Could I survive a night in their motel of terror?

I woke up dead in the Clown Motel. Not dead dead, or undead dead. I’m not writing this as a demonically zombified clown soldier, blood-caked mouth stretched into a poisoned wolf rictus, camera pulling back to show my filthy balloon suit, revealing another Clown Motel victim as the horror-movie credits scroll amid an ominous closing score. I’m just dead tired. You might say I spent the night at the Clown Motel. But you might more accurately say THE CLOWN MOTEL SPENT THE NIGHT IN ME.

Let me back up. As part of Desert Companion’s Great Big Nevada Road Trip, I’d planned to spend my final night at Tonopah’s famous Clown Motel.
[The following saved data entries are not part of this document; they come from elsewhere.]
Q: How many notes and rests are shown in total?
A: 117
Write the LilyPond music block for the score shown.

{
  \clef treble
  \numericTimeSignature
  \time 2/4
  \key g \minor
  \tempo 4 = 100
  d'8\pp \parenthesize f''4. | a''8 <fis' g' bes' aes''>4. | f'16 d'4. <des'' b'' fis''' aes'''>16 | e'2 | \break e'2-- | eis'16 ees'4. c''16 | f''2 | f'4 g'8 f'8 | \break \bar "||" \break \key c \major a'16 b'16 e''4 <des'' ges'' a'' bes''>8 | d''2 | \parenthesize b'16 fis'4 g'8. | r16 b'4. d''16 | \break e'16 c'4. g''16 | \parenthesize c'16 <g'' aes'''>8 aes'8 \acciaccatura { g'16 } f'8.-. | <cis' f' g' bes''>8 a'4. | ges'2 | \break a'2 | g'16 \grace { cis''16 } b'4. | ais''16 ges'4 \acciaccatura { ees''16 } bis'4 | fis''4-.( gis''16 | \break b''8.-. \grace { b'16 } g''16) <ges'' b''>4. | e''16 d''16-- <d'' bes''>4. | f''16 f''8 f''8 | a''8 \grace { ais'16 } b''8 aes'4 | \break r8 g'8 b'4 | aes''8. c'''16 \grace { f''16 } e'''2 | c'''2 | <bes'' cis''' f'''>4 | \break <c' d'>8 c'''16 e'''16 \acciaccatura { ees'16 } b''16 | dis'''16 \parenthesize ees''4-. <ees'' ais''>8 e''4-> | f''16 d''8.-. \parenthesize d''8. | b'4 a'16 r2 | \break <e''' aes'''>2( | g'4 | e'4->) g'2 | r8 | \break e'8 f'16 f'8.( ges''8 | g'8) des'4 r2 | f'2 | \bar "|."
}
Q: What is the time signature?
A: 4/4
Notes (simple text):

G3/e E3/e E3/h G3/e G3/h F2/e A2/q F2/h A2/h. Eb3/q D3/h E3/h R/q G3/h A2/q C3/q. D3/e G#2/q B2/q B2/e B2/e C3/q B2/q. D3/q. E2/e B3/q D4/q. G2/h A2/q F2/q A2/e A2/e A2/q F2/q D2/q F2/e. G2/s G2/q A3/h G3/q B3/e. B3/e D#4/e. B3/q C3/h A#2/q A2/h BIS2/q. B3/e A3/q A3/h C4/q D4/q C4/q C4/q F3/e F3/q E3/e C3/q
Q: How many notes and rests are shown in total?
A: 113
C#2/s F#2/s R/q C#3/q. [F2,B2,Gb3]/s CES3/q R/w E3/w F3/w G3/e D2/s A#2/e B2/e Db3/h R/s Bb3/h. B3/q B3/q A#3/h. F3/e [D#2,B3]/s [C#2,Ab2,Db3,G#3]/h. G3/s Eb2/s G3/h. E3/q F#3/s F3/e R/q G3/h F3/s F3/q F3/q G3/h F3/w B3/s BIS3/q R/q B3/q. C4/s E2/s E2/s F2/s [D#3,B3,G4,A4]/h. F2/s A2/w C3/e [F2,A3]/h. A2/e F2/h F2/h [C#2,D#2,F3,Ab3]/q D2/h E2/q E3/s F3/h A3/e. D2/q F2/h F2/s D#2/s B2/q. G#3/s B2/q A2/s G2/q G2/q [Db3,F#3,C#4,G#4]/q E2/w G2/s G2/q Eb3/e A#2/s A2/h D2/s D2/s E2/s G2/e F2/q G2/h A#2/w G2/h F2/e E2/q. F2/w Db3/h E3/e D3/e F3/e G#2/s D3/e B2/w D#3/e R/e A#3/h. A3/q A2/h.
For a couple reasons: One, like they do most people, clowns make my skin want to leap off my own skeleton and run away screaming. I wanted to face that skin-leaping fear and grow as a person. But I was also on a Goonies-style vision quest to deposit at The Clown Motel a portentous item from my childhood, a wooden folk-art puzzle that depicted a clown’s cryptically smirking face. It had been in my family for years. Nobody knew where the puzzle-face came from, which obviously means it was a mystic talisman of a timeless, primal evil. My family had named the puzzle-face Clowny. When I was cleaning out my parents’ house last year, I had, omg, discovered Clowny in a closet, abiding in his ectoplasmic mist of ancient, unspeakable malignance. Long story short, when we were planning our Nevada trip, I realized that only by casting Clowny back into the swirling Stygian hell-portal of Tonopah’s Clown Motel could balance be restored to The Force or something.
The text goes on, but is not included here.